Assim, cá estou para sentar no divã virtual e trocar duas palavrinhas com quem está do outro lado do ecrã.

Duas palavrinhas não sobre a crítica per se, pois o direito de criticar é inalienável e sagrado, seja a crítica justa, necessária, construtiva ou injusta, delirante, nada a ver, conspiratória ou mal intencionada, mesmo que cada uma desses tipos de crítica jogue um jogo distinto no campo da democracia.
As palavrinhas são sobre como o zumzumzum das timelines na órbita de um artigo de minha lavra publicado aqui na Mensagem pode servir de barómetro ao (mau) humor da sociedade portuguesa.
Uma sociedade cujo debate político parece ter abandonado o clinch democrático, o corpo a corpo da troca de argumentos, ora um direto de esquerda, ora um gancho de direita, numa eterna luta por pontos, sem que necessariamente um dos duelistas leve o outro ao nocaute.
No pugilato democrático, o nocaute de um dos participantes não pode ser o nocaute da própria democracia. O que interessa é a luta retórica no ringue das ideias, preservando a integridade de quem combate dentro da constituição, sem golpes baixos.

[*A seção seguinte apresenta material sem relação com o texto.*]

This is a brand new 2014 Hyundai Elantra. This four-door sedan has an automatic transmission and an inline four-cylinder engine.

O texto em questão é a história da reinauguração do Jardim do Império, a cobertura de dois imigrantes, o brasileiro aqui e a fotógrafa letã Rita Ansone, e que teve como personagem central um terceiro imigrante, o calceteiro cabo-verdiano que com o bíblico suor do seu rosto cunhou os polémicos brasões alusivo às antigas colónias de Portugal.

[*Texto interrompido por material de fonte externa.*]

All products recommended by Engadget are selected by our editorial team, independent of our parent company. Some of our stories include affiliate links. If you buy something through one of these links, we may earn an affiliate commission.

A peça também deu voz aos jardineiros, operários que, com o calceteiro, foram quem realmente ergueu o novo jardim, mas que durante a cerimónia de inauguração ficaram de lado, à margem, enquanto os políticos de sempre recebiam as loas e a atenção dos media.

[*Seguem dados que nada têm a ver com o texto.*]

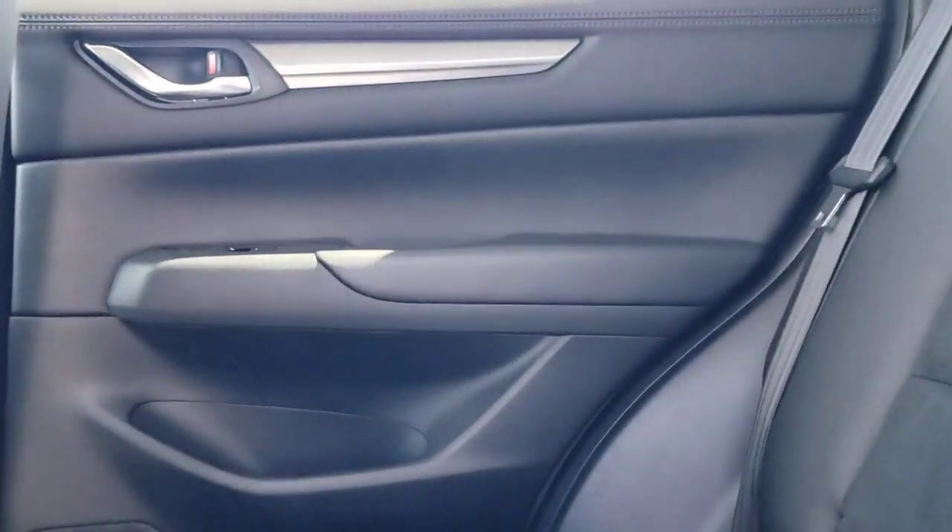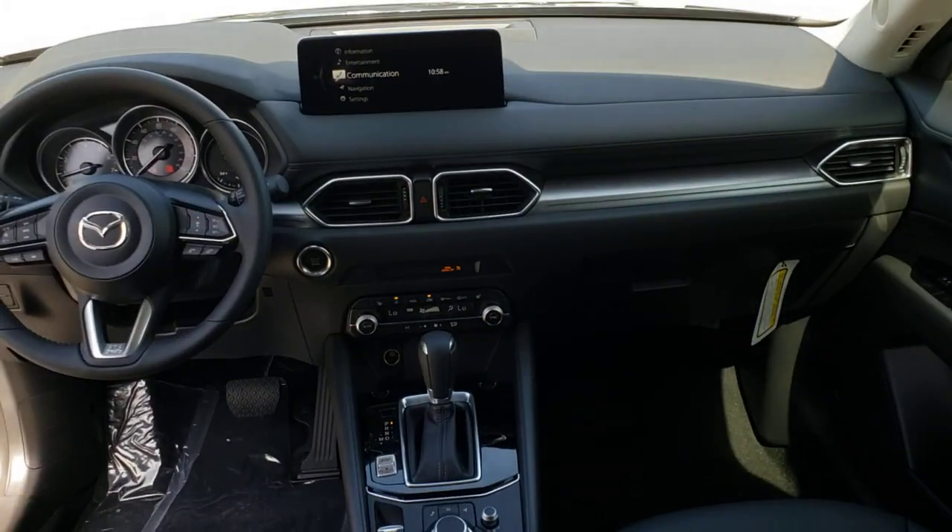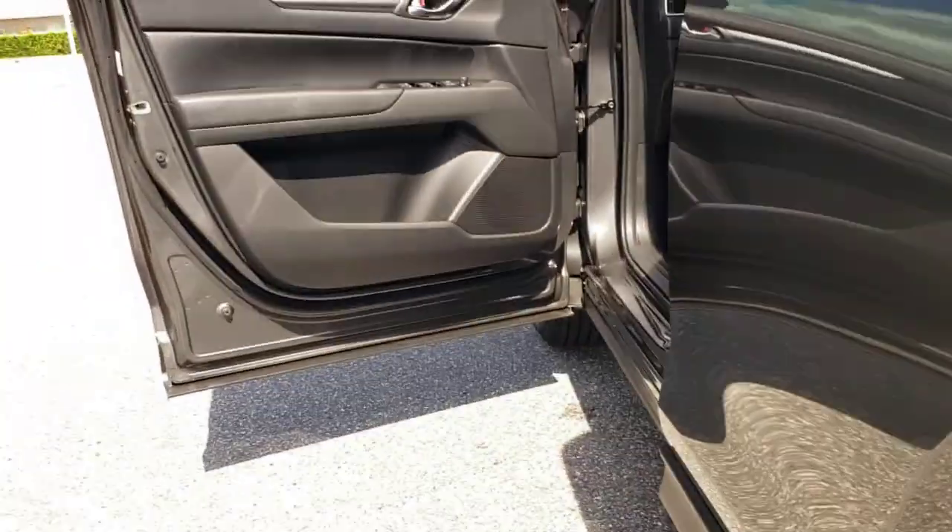Style and versatility blend beautifully in this driver-focused CX-5 crossover. See for yourself when you take it out for a road test. Our professional staff looks forward to giving you excellent service.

Para esta matéra não havia um guião: a ideia era, em free style, observar a inauguração e escrever a respeito dela. De forma que eu não sabia que lá encontraria um calceteiro nem que seria cabo-verdiano, assim como não suspeitava da presença dos jardineiros.
Acontece que como imigrante sei muito bem o que é não ter voz. O que é comumente pregar para o deserto – os ouvidos europeus geralmente um Saara – árido até o último grão.
E agora, com a rara oportunidade de ter voz e de ouvir voz a quem quase nunca é ouvido, não tive dúvidas de que a matéria seguiria por ali, na minha praia, entre os meus, na ponta mais frágil da corda, os imigrantes. E, por empatia, os operários portugueses.
Foram as fontes que elegi.
Só que calhou de tanto o calceteiro como os jardineiros minimizarem a polémica central do novo jardim, a manutenção dos brasões coloniais. Minimizarem, não, solenemente ignorarem: para todos eles, a questão havia passado à margem.
Um alheamento que poderia ser tanto um sinal de desinformação como de sabedoria, pois quem está no lado mais frágil da corda sabe que o mais prudente às vezes é silenciar.
O meu desejo secreto inconfessável era de o calceteiro e os jardineiros se rebelarem contra a opressão do eterno colonizador e do patrão – na maioria das vezes, a mesma pessoa – erguerem as suas ferramentas de trabalho e, de martelo e foice em punho, partirem os brasões do novo jardim.
Isso é que era.
Mas sem o martelo de calceteiro ou a foice dos jardineiros a manifestarem-se contra a opressão do colonizador e dos patrões, paciência: o jornalismo não é como a indecorosa proposta do presidente do PSD de se buscar um imigrante à medida.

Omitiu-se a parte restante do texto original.